Messrs. Durant and Hornor, contra.

*28 Mr. Justice DAVIS delivered the opinion of the court.

There is some excuse, even for a party in fault, when two boats collide in tempestuous or foggy weather, or on a dark night, but there are no exculpatory circumstances attending this disaster. It happened before dark, in the middle of the Mississippi, and when the light was good enough to distinguish *29 small objects on both banks of the river. The weather was clear and calm, and the river unobstructed, affording ample room for passage on either side of the point where the vessels collided.

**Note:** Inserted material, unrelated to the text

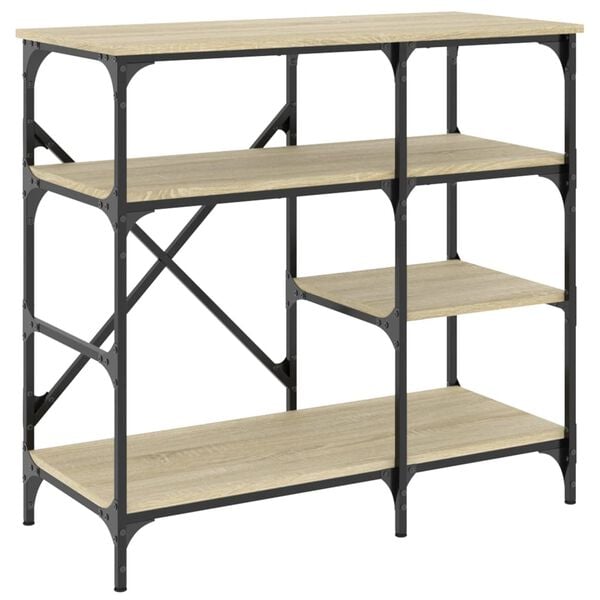 vidaXL Baker's Rack Sonoma Oak 35.4"x15.7"x33.1" Engineered Wood and Metal
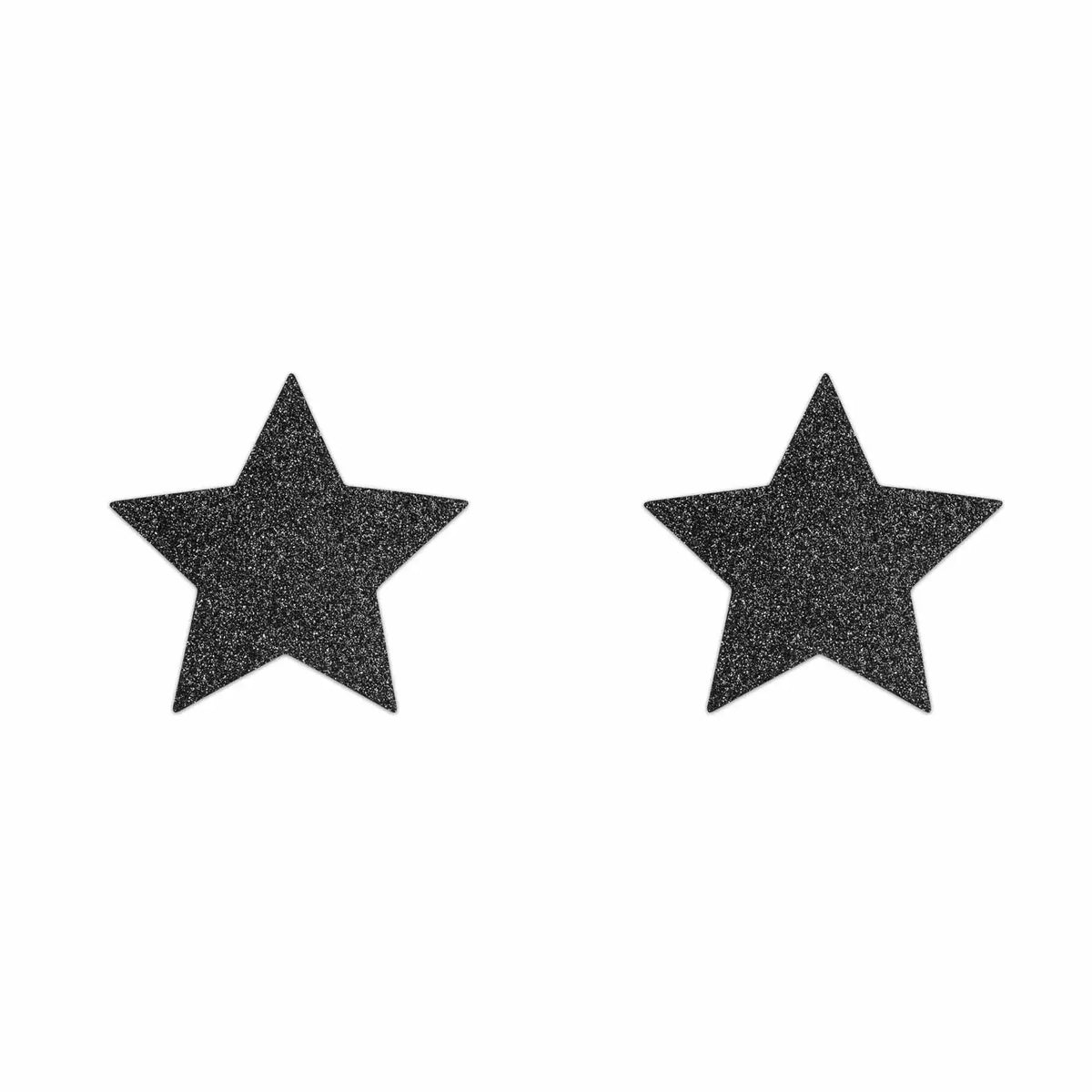 Bijoux Indiscrets Flash Black Star Pasties - Reusable Glitter Nipple Covers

It is very plain that the collision ought to have been avoided, and the inquiry is, who is to blame for it. It almost uniformly happens in cases of this description that different accounts are given of the occurrence by those in the employment of the respective vessels, and that the court has difficulty in this conflict of evidence of deciding to which side a preferable credence should be given. There are generally, however, in every case, some undeniable facts which enable the court to determine where the blame lies, and this case is one of that character.

There is no dispute that the Cleona was a small stern-wheel boat of the burden of 118 tons, that the steamboat Great Republic was of the burden of 2200 tons; a large and very fast vessel with side wheels; that both boats crossed the river, from the right to the left bank, just above Nine-mile Point, and straightened up on the left bank and ran parallel with the shore for some time, the Cleona being some distance ahead, and the Republic following almost in her wake; that just previous to reaching Twelve-mile Point the Cleona started to cross the river in an oblique direction, intending to make a landing at Waggaman's plantation to put out freight; that the Republic kept bearing to the left, following the Cleona, instead of keeping her course, and finally overtook her about the middle of the river, and that the collision occurred. There is a great deal of discrepancy in the testimony relative to the distance between the two boats at the time the Cleona started to cross for the Waggaman plantation. Under the most favorable circumstances it is impossible to measure distances on the water with accuracy, but in times of excitement there is very little reliance to be placed on the opinion of any one on this subject, and especially is this so when the condemnation of a boat may depend upon it. If the Cleona was only some two or even three hundred yards ahead of the Republic, it was certainly *30 imprudent in her officers to undertake to cross the river, but if she was more than double this distance in advance there is no reason why she should not have attempted to cross if she had business on the opposite side.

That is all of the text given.